Pour les rédacteurs, ce n'est guère mieux. Lors d'une visite à la vallée des Rois, près de Louxor, un journaliste avait tenté d'arracher une réaction à Nicolas Sarkozy sur le procès de L'Arche de Zoé, au Tchad. "La visite officielle, c'est dimanche", lui avait répondu le président de la République.

Elise Vincent
Article paru dans l'édition du 30.12.07.

C'est finalement assez logique. Dans un pays dont le président se comporte comme le premier petit people venu, les journalistes des médias considérés comme sérieux - les agences de presse, les chaînes d'information, les grands quotidiens nationaux - sont, par la force des choses, amenés à se comporter à leur tour comme de vulgaires paparazzis. Bien entendu, cela suppose une autre déontologie, une autre manière de travailler, d'autres priorités dans la quête et le traitement de l'information : je ne vais pas paraphraser l'article, je le trouve extrêmement clair sur ce point. Depuis quelques mois, ce n'est plus seulement le "style" de la fonction présidentielle qui change, mais aussi celui de notre presse dans son ensemble. Suis-je la seule à trouver cela effrayant ?

Juste une remarque avant de terminer.

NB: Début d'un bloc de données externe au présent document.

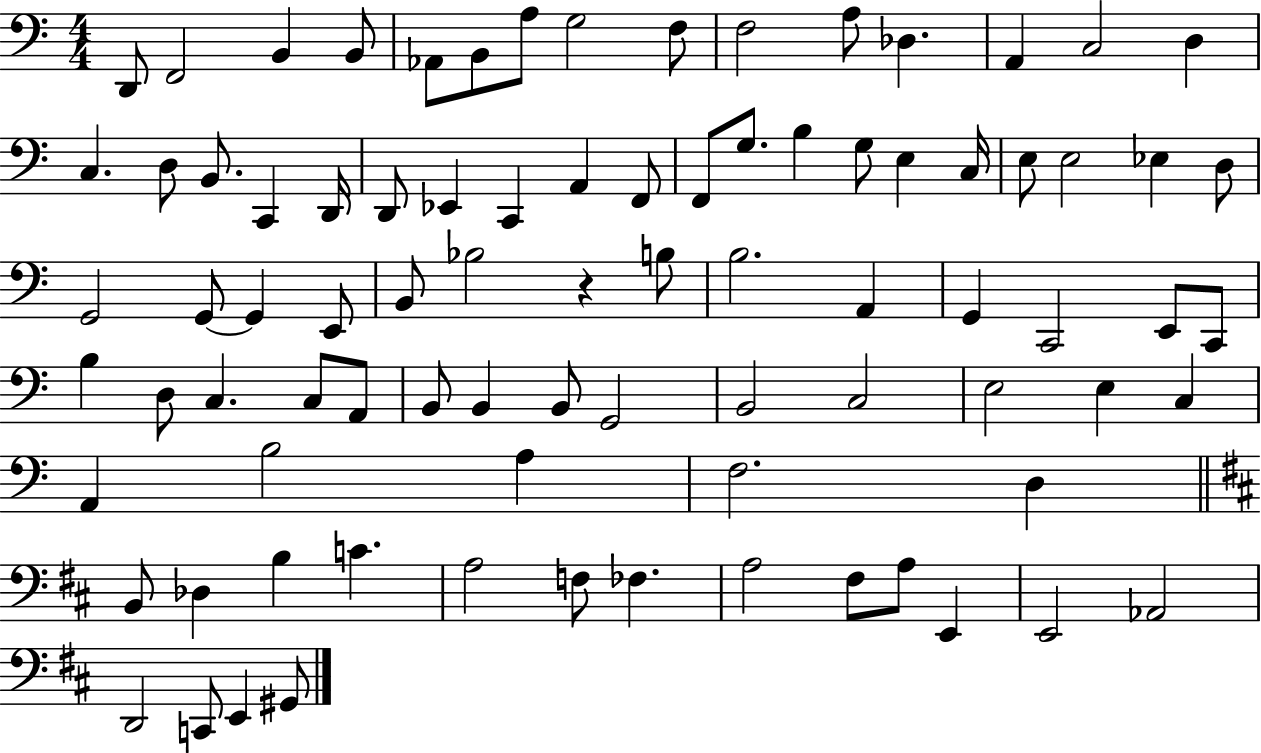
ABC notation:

X:1
T:Untitled
M:4/4
L:1/4
K:C
D,,/2 F,,2 B,, B,,/2 _A,,/2 B,,/2 A,/2 G,2 F,/2 F,2 A,/2 _D, A,, C,2 D, C, D,/2 B,,/2 C,, D,,/4 D,,/2 _E,, C,, A,, F,,/2 F,,/2 G,/2 B, G,/2 E, C,/4 E,/2 E,2 _E, D,/2 G,,2 G,,/2 G,, E,,/2 B,,/2 _B,2 z B,/2 B,2 A,, G,, C,,2 E,,/2 C,,/2 B, D,/2 C, C,/2 A,,/2 B,,/2 B,, B,,/2 G,,2 B,,2 C,2 E,2 E, C, A,, B,2 A, F,2 D, B,,/2 _D, B, C A,2 F,/2 _F, A,2 ^F,/2 A,/2 E,, E,,2 _A,,2 D,,2 C,,/2 E,, ^G,,/2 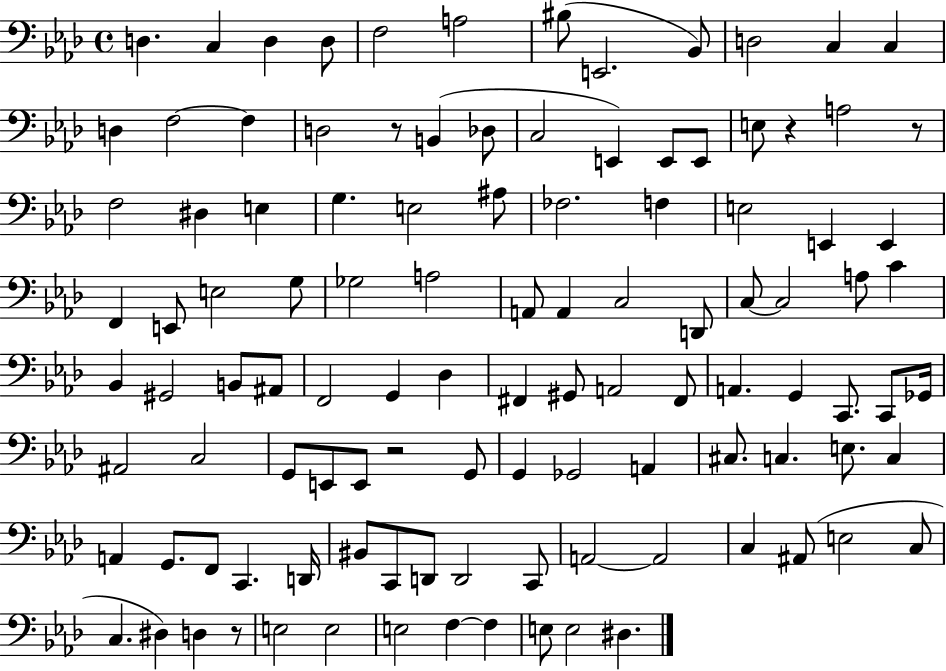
X:1
T:Untitled
M:4/4
L:1/4
K:Ab
D, C, D, D,/2 F,2 A,2 ^B,/2 E,,2 _B,,/2 D,2 C, C, D, F,2 F, D,2 z/2 B,, _D,/2 C,2 E,, E,,/2 E,,/2 E,/2 z A,2 z/2 F,2 ^D, E, G, E,2 ^A,/2 _F,2 F, E,2 E,, E,, F,, E,,/2 E,2 G,/2 _G,2 A,2 A,,/2 A,, C,2 D,,/2 C,/2 C,2 A,/2 C _B,, ^G,,2 B,,/2 ^A,,/2 F,,2 G,, _D, ^F,, ^G,,/2 A,,2 ^F,,/2 A,, G,, C,,/2 C,,/2 _G,,/4 ^A,,2 C,2 G,,/2 E,,/2 E,,/2 z2 G,,/2 G,, _G,,2 A,, ^C,/2 C, E,/2 C, A,, G,,/2 F,,/2 C,, D,,/4 ^B,,/2 C,,/2 D,,/2 D,,2 C,,/2 A,,2 A,,2 C, ^A,,/2 E,2 C,/2 C, ^D, D, z/2 E,2 E,2 E,2 F, F, E,/2 E,2 ^D, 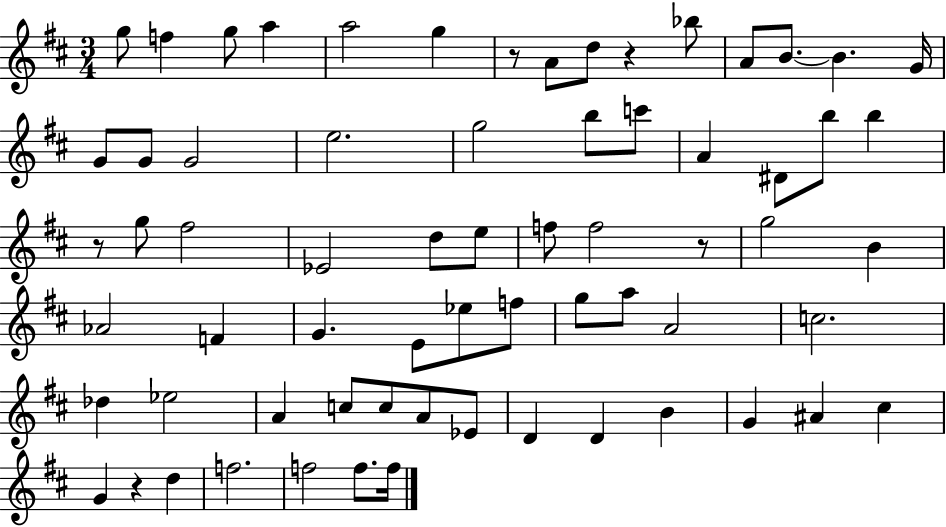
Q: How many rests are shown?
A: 5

J'ai du mal à croire qu'Hervé Guilbaud puisse sérieusement affirmer que

A partir du moment où le président se montre en public, on n'est pas dans la 'peopolisation'.

Il me semble que ce qui fait la peopolisation de ces vacances égyptiennes et, plus largement, de la vie de Nicolas Sarkozy depuis qu'il a accédé à des fonctions officielles, c'est précisément que le président se montre en public... dans des circonstances et conditions qui devraient relever du privé ! Les agences de presse, par la voix de Guilbaud, seraient-elles en train de bâtir elles-mêmes leur propre défense, en essayant tant bien que mal de se distinguer des paparazzis malencontreusement croisés sur le parcours du président en Egypte, au prétexte que ces derniers ne respectent pas la vie privée alors qu'elles se concentrent sur un président qui "se montre en public" ? Ma parole, mais c'est soit de l'aveuglement complet, soit un savonnage vigoureux de la pente sur laquelle Sarkozy les entraîne.